= Energy Regulators Regional Association =

Logo of the Energy Regulators Regional Association

The Energy Regulators Regional Association (ERRA) is a voluntary organization of independent energy regulatory bodies primarily from the Central European and Eurasian region, with Affiliates from Africa, Asia the Middle East and the US.

==Purpose and objectives==
The purpose and objectives of the association are:
- To improve national energy regulation in member countries;
- To foster development of stable energy regulators with autonomy and authority;
- To improve cooperation among energy regulators;
- To facilitate the exchange of information, research, training and experience among members and other regulators around the world.

==History==
The first energy regulatory bodies of the ERRA region were established in the mid-1990s as an essential part of restructuring and reforms taking place in these countries. ERRA began as a cooperative initiative of 12 energy regulatory bodies. They were then supported from 1999 to 2008 by the US National Association of Regulatory Utility Commissioners (NARUC), which, with the participation of USAID, arranged technical forums, meetings and study tours for mutual training and development. As a consequence, fifteen energy regulators established ERRA on 11 December 2000 in Bucharest. The association was registered in Hungary in April 2001 and its secretariat is based in Budapest.
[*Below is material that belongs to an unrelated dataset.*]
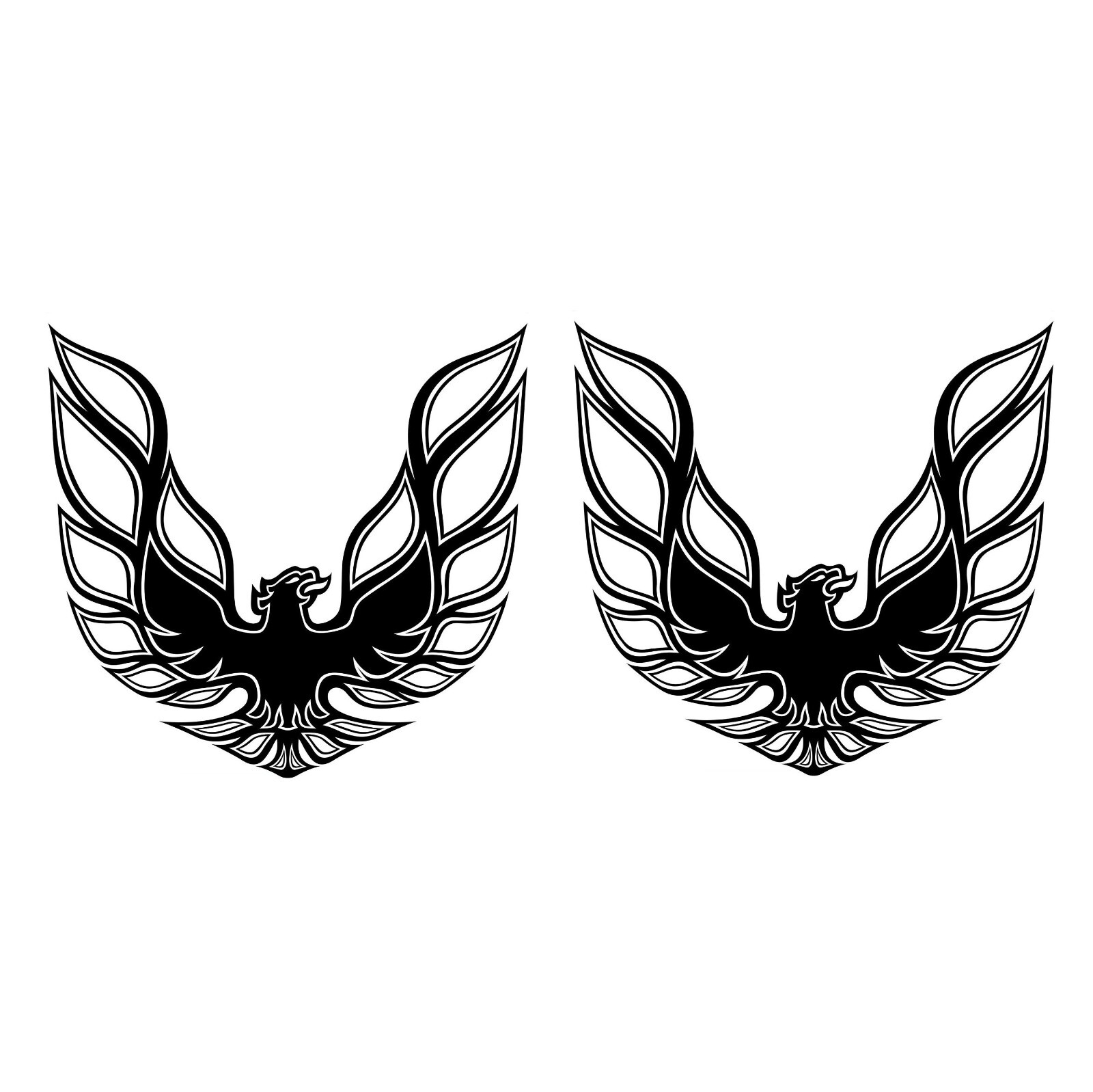 Trans Am Firebird Pontiac Bird Decal Hood Sticker Vinyl Car Truck Window Wall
To date ERRA lists 23 full and 14 associate members.

==Members==

===Current full members ===
- Albanian Energy Regulator *
- Public Services Regulatory Commission of Armenia *
- Tariff (Price) Council of Azerbaijan (joined in 2007)
- State Electricity Regulatory Commission of Bosnia and Herzegovina (joined in 2004)
- Energy and Water Regulatory Commission of Bulgaria *
- Croatian Energy Regulatory Agency (joined in 2002)
- Estonian Competition Authority *
- Georgian National Energy and Water Supply Regulatory Commission *
- Hungarian Energy and Public Utility Regulatory Authority *
- Committee for Regulation of Natural Monopolies and Protection of Competition at the Ministry of National Economy of Kazakhstan *
- State Agency for Fuel and Energy Complex Regulation under the Government of the Kyrgyz Republic *
- Public Utilities Commission of Latvia *
- National Commission for Energy Control and Prices of Lithuania *
- Nigerian Electricity Regulatory Commission (NERC)
- Energy Regulatory Commission of Macedonia (joined in 2004)
- National Energy Regulatory Agency of Moldova *
- Energy Regulatory Commission of Mongolia (joined in 2001)
- Energy Regulatory Office of Poland *
- Romanian Energy Regulatory Authority *
- Federal Tariff Service of the Russian Federation *
- Energy Agency of Serbia (joined in 2006)
- Regulatory Office for Network Industries of Slovakia *
- Energy Market Regulatory Authority of Turkey (joined in 2002)
- National Energy and Utilities Regulatory Commission of Ukraine *

(Founding Members are marked with * above.)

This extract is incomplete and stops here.